Beyond the housing obstacle, Columbia offers a community paradox. By design it presents a model of ethnic integration, a chance for refugees to work and live alongside people of different ethnic backgrounds and merge into the culture.

Knight said, "They could come to Columbia and not feel isolated -- the community is used to welcoming new people."

But Columbia has no Little Italy, Chinatown or barrio, neighborhoods where ethnic minorities sustain their own culture and business centers. In the past seven years, Howard County has attracted the fewest number of immigrants in the Baltimore metropolitan area.

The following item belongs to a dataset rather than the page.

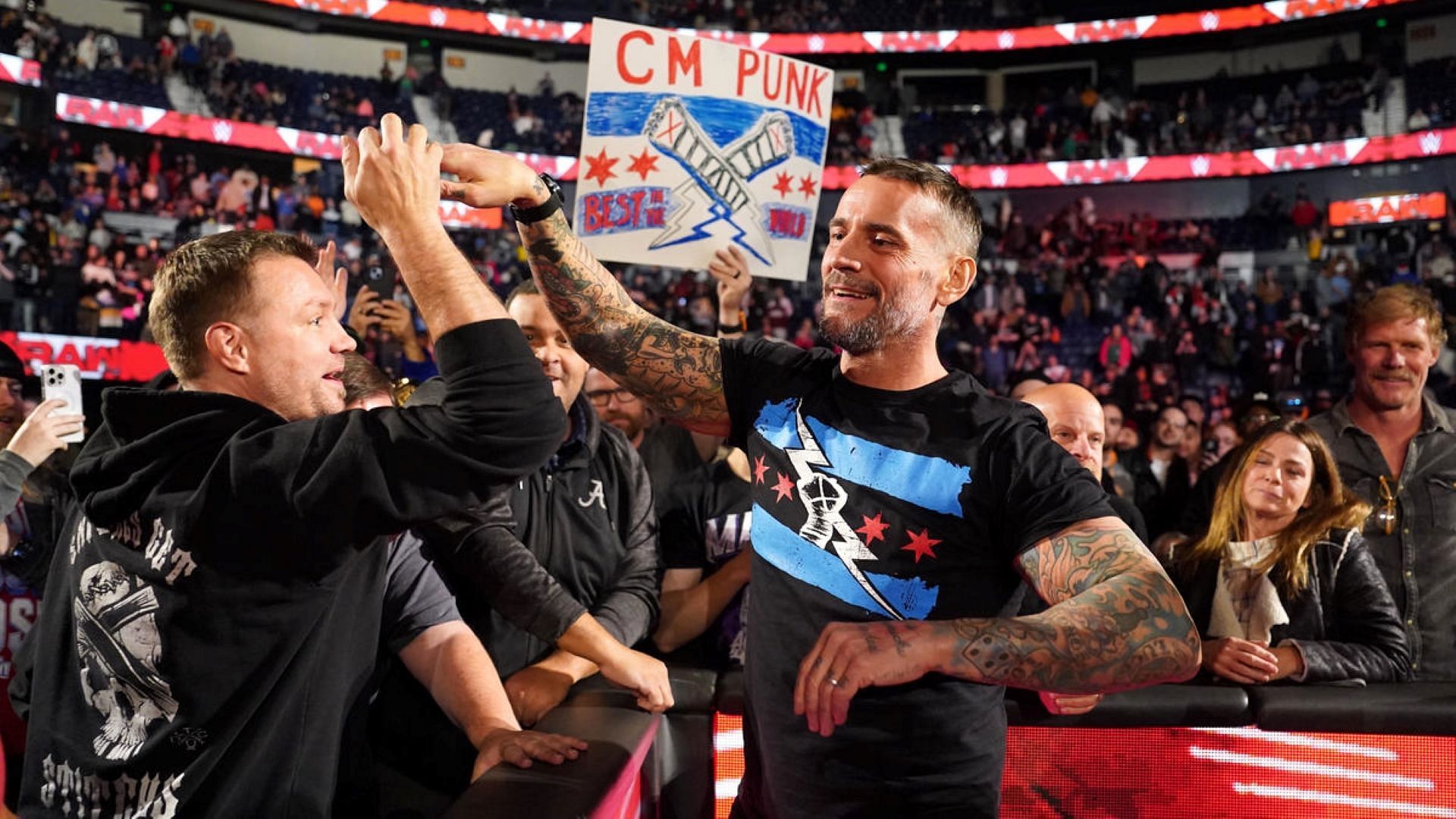 CM Punk greets WWE fans ringside at RAW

"In the city, they have a better chance of establishing a community and an economic structure they can call their own," Knight said. "If someone wants to open a restaurant selling food from Bosnia, she has a better chance of succeeding in a Bosnian community."

However, Pat Hatch, who started FIRN out of her briefcase in the late '70s, challenges the idea that immigrants should be corralled into pockets of the city. Hatch, who now works with the Maryland Office for New Americans, said she wants to see more refugees settle outside the Beltway.

"We have had a philosophy of settling refugees in some of America's toughest urban areas," Hatch said. "Now we see that may be like throwing babes in the woods. I don't think that is necessary anymore."

Knight said figuring out who should come to Columbia and who should go to Baltimore is easy: Send families with no children or with very young children to Baltimore, where they can have the support of their compatriots. Send families with teen-age children to Columbia, where public schools are better.

Although its refugee population is small, Columbia has the beginnings of a Bosnian community in the Guilford Gardens Cooperative Apartments complex, where FIRN has placed four families -- 14 refugees in all. The organization has plans to lease six more apartments there this year.

"Most Bosnians want to be together so they're not lonely," said Vladimirka Stanic, who has been in Columbia for six months.

Beyond any ethnic or national bond, Stanic said, there is a social bond, that of a group of people who were professionals or skilled craftsmen who now accept livelihoods below the levels of their pre-war lives.

Stanic, who completed her studies as a civil engineer, now is a clerk for FIRN. Her aunt, Ruza Domazet, an insurance examiner, and cousin, Ilyja Domazet, an army medic, are prepared to accept "any type of work" while they study English.